# Task details
Leave the pictures behind and repeat all the entries exactly.

# Raw data
◆ ◆ ◆ ◆ ◆ ◆ ◆
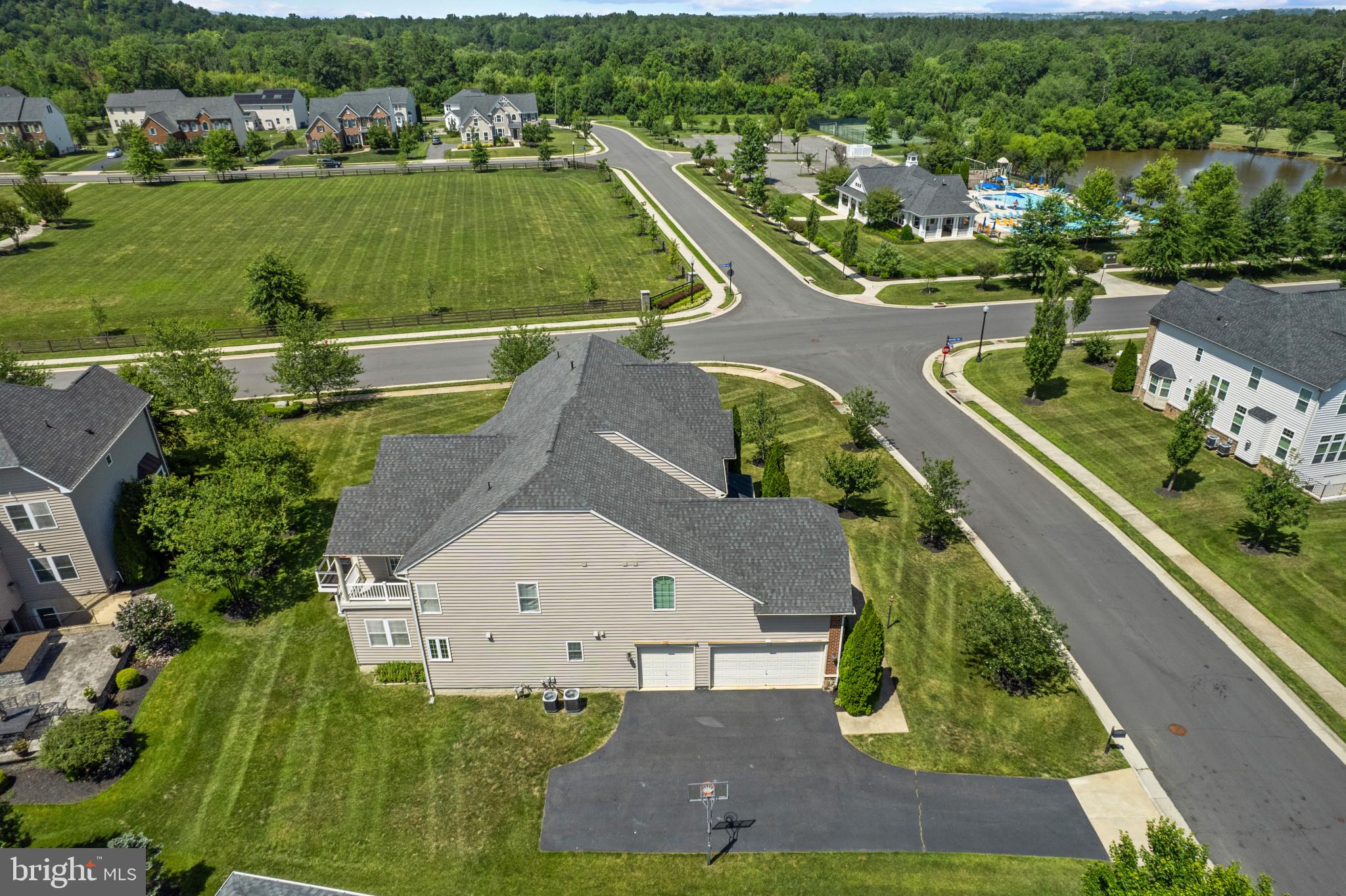 DAWSON'S CORNER - Residential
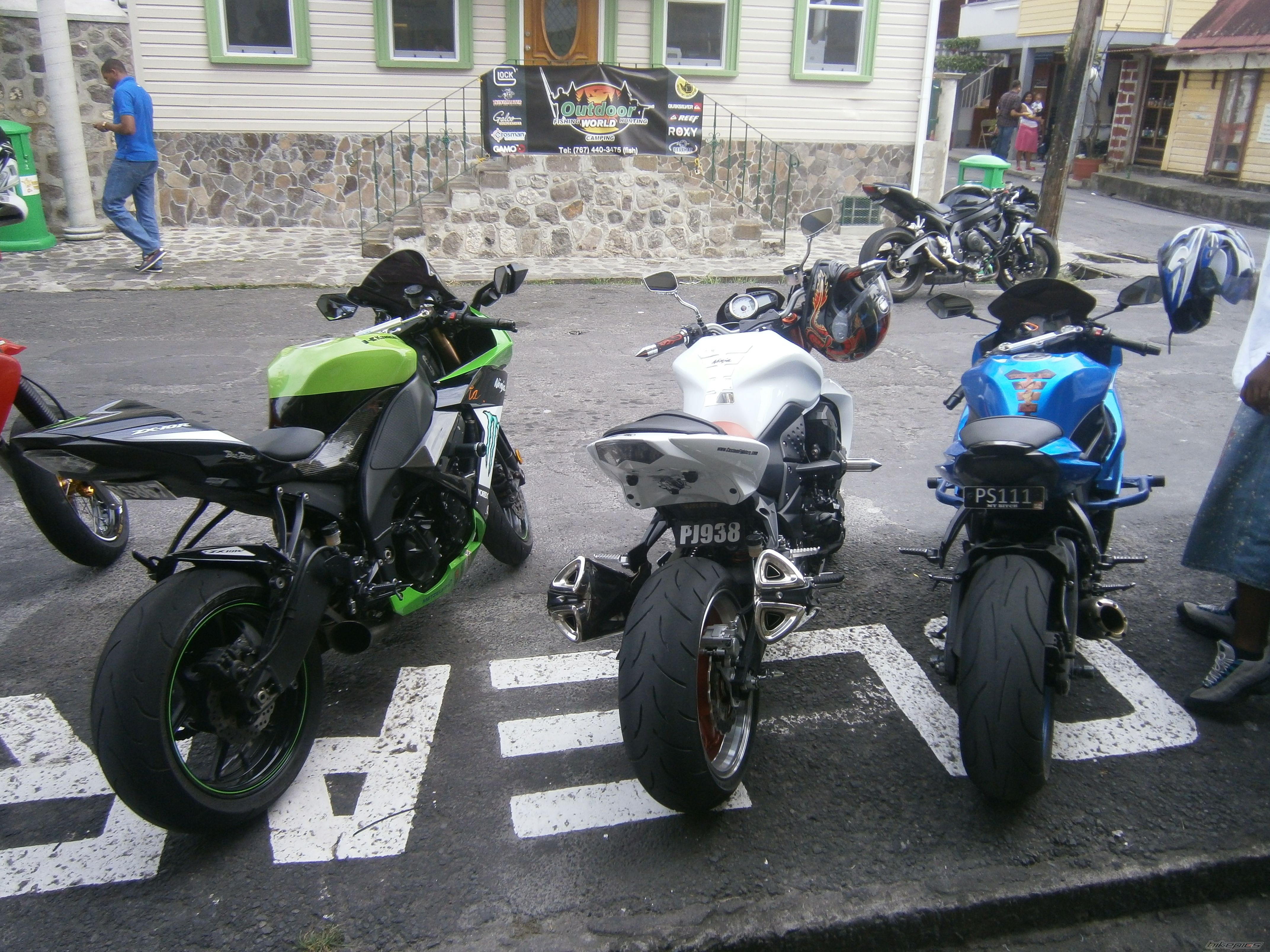 Photo 2391518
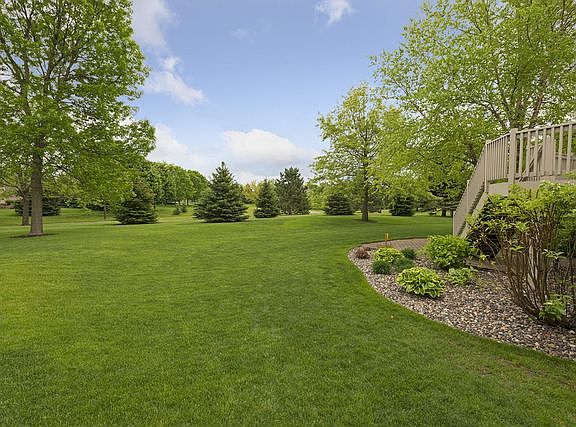 3rd image of 8887 Springwood Dr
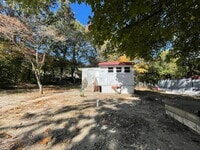 Building Photo - Updated 3 bedroom, 1.5 bath Home FOR RENT ...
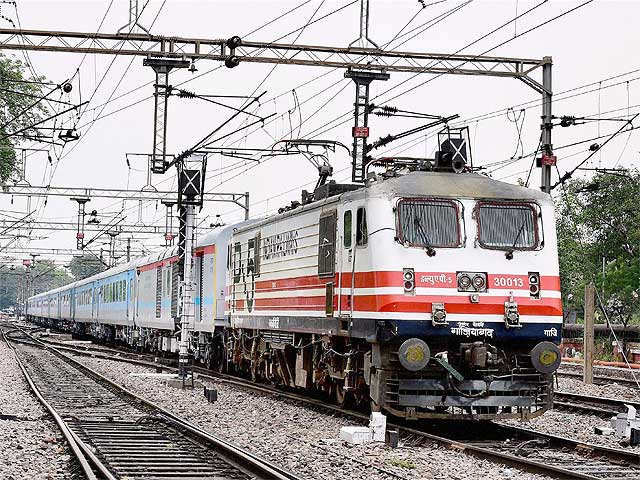 'Semi-bullet train' sets speed record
◆ ◆ ◆ ◆ ◆ ◆ ◆
# Completed exercise
 DAWSON'S CORNER - Residential
 Photo 2391518
 3rd image of 8887 Springwood Dr
 Building Photo - Updated 3 bedroom, 1.5 bath Home FOR RENT ...
 'Semi-bullet train' sets speed record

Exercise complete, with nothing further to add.